Quality
of Life
Author
Dr Michael Ellis©2006
More and more quality of life is
judged in terms of wealth rather than in terms of such immeasurable
faculties such as happiness, creativity, well being, generosity
of spirit and a sense of compassion and connectedness. Even the
education system is focused on the needs of big business and children
are narrowly focused on aims which do not enhance their health
or create a wider knowledge of their understanding of their place
in society or the nature of life itself.
The basic needs of freedom of poverty
expressed by such people as Galtung, Rawls, Max-Neef and Lasswell
and Maslow are not addressed for people even in higher socio-economic
groups ion the developed world. Such needs would address the
needs specifically for affection, understanding, participation,
leisure, creation, identity and freedom. The society is so stressed
that by 2010, one in three people will be suffering from depression
which psychiatrists consider needs medical treatment by drugs.
So we come to the brave new world of Aldous Huxley where the
workers are placed on soma to blunt their conception of what
freedom or real quality of life is.
According to the UN Development Report,
Australia is second only to Norway as the most desirable country
in the world in which to live. This report of the UN Development
program measures 162 countries according to a range of factors
such as life expectancy, education levels, healthcare and income.
However, in this picture there is obviously
no room for complacency. According to research by the National
Centre for Social and Economic Modelling, University of Canberra
for the Smith Family welfare organisation in 1999, 1 in 7 Australians
were living in poverty.
Those most likely to live in poverty
were those on welfare, those with three or more children, sole
parents or the unemployed. The researchers warned that the risk
of poverty is greater for children than adults. NATSEM estimated
that 752,000 dependant Australians or 14.9% lived in poverty
in May 1999. Also, 12.9% of Australian adults lived in poverty
in May 1999.
Some of the things that cannot be measured
by statistics is the concept of culture. Culture is also dependent
on quality of life and quality of life is also dependent on
health as well as education.
Often, the key to culture is found,
not so much primarily in the early experience of the child.
It is dependent on pre-natal items as to the kind of nutrition
the mother has, the kind of experience she has experienced during
her pregnancy, the kind of relationships she has, whether it
is integral and stable or unharmonious.
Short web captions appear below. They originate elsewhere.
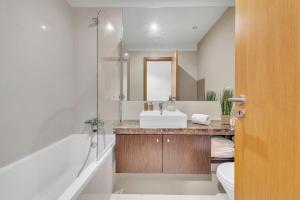 ein Badezimmer mit Waschbecken, Badewanne und Toilette in der Unterkunft Relax Stay in Funchal + 14 Fotos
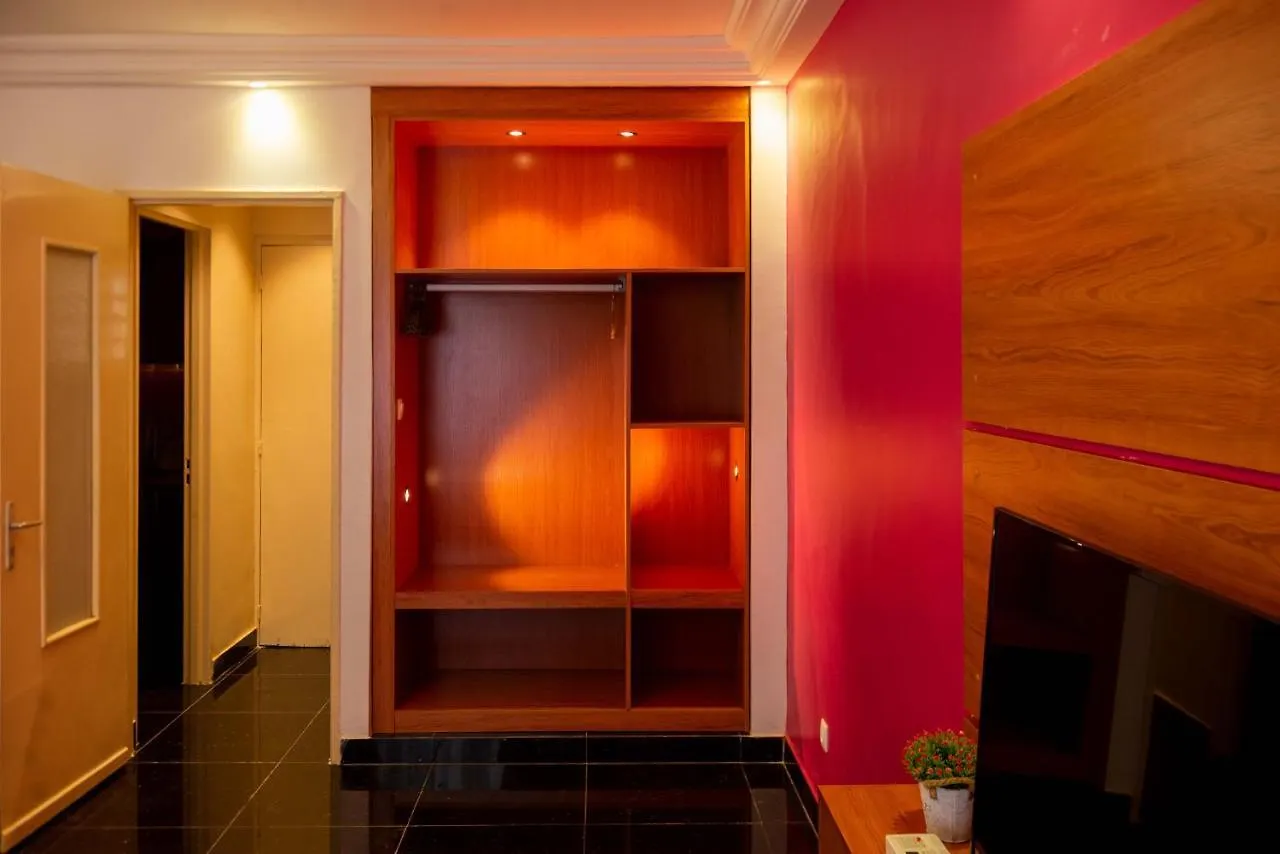 Studio Design/ Dakar Plateau Apartment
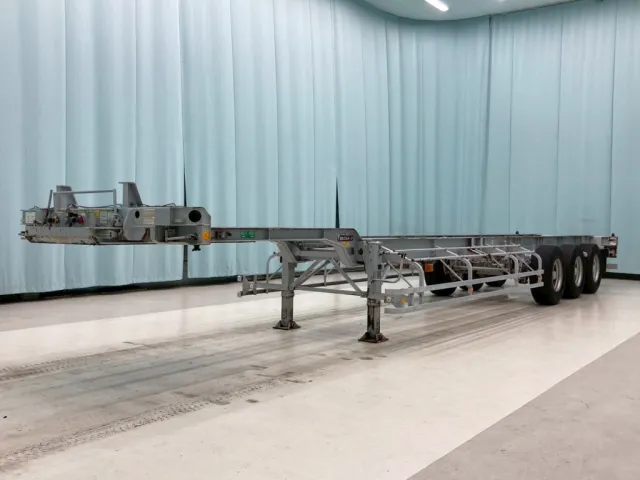 スライドボルスタを前方に移動した状態です。(45フィート積載時)|フルハーフ  KFKGG340S改の写真3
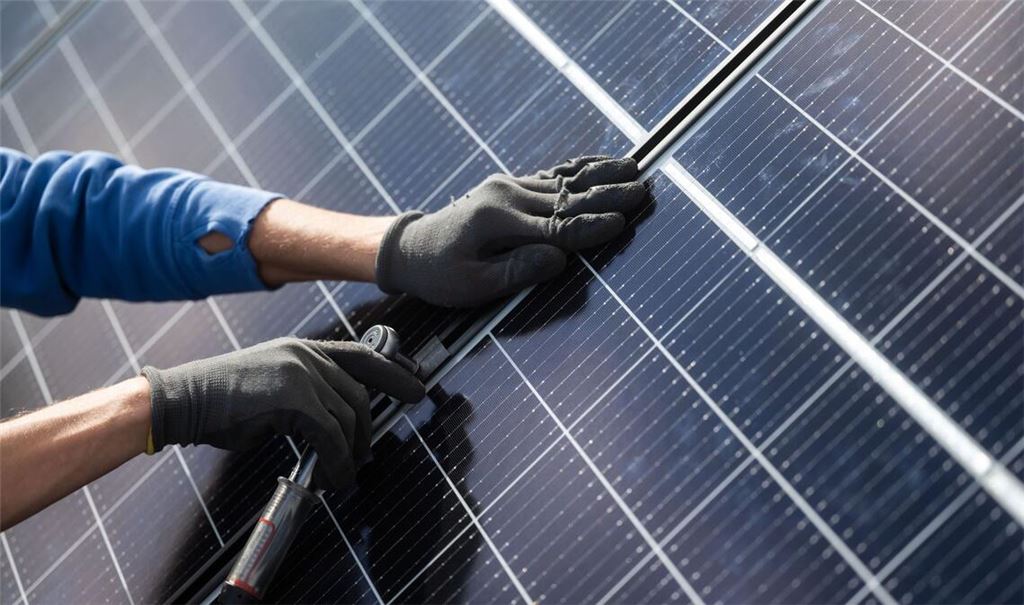 Die Suche nach Fachkräften für die Energiewende gestaltet sich schwierig. (Archivbild)
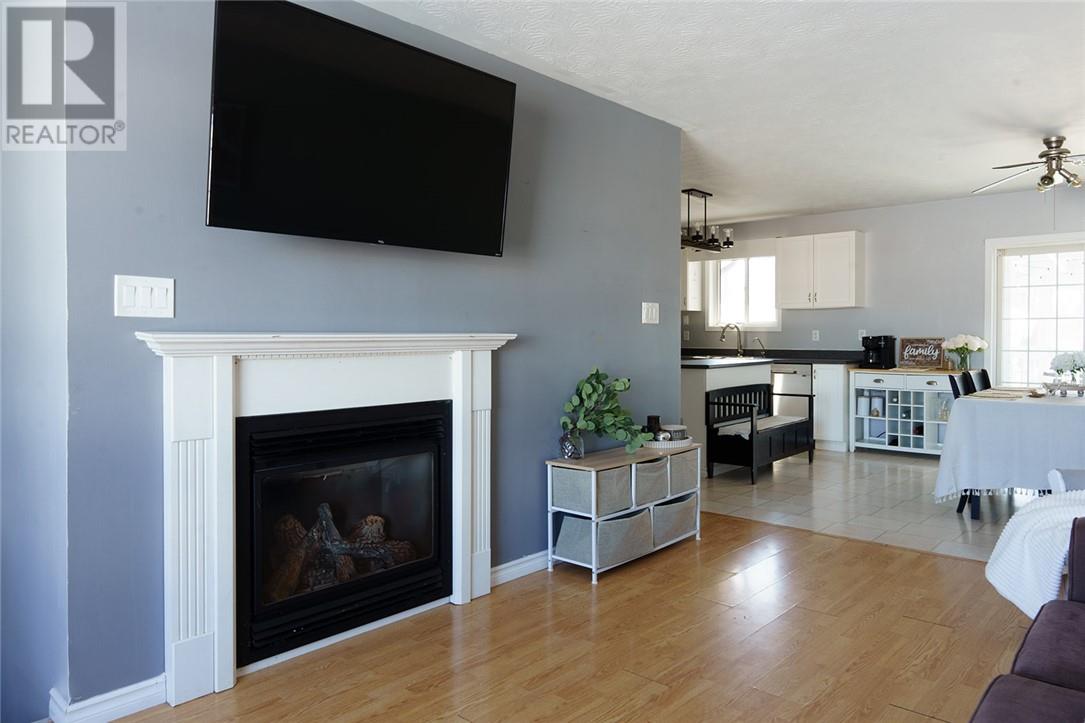 3535 Keith Avenue, Chelmsford, Ontario  P0M 1L0 - Photo 5 - 2126632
After birth, the forms
of child rearing, social stimulation, love and care are very
much significant as to the future child's happiness.
Our children are currently being born
into a world which is threatened by many, many factors, including
those with adverse effects. The factors the global community
has to deal with in the next hundred years are famine, global
spread of disease, civil war, international wars, competition
for scarce resources, civil disorder amongst the haves and have
nots, housing shortages, and the highly materialistic ethos
of the possibility of human extinction.
Human beings have already changed the
environment of the planet radically and have caused many other
bio-extinctions of other species. If current trends continue
the picture will get worse. The projected extra six billion
people in the next hundred years, predicted for 2020 would need
more room to live and grow food. If there are more of us, there
is less room for plants and animals. There is less room for
the tropical rainforests and the planetary biodiversity of species.
Human beings are causing extinctions at 100-10,000 times the
natural rate. This is the greatest way of extinction since the
end of the cretaceous period 65 million years ago when the dinosaurs
were annihilated.
Yet, politicians generally do not think
in terms of large periods of time or even the next generation.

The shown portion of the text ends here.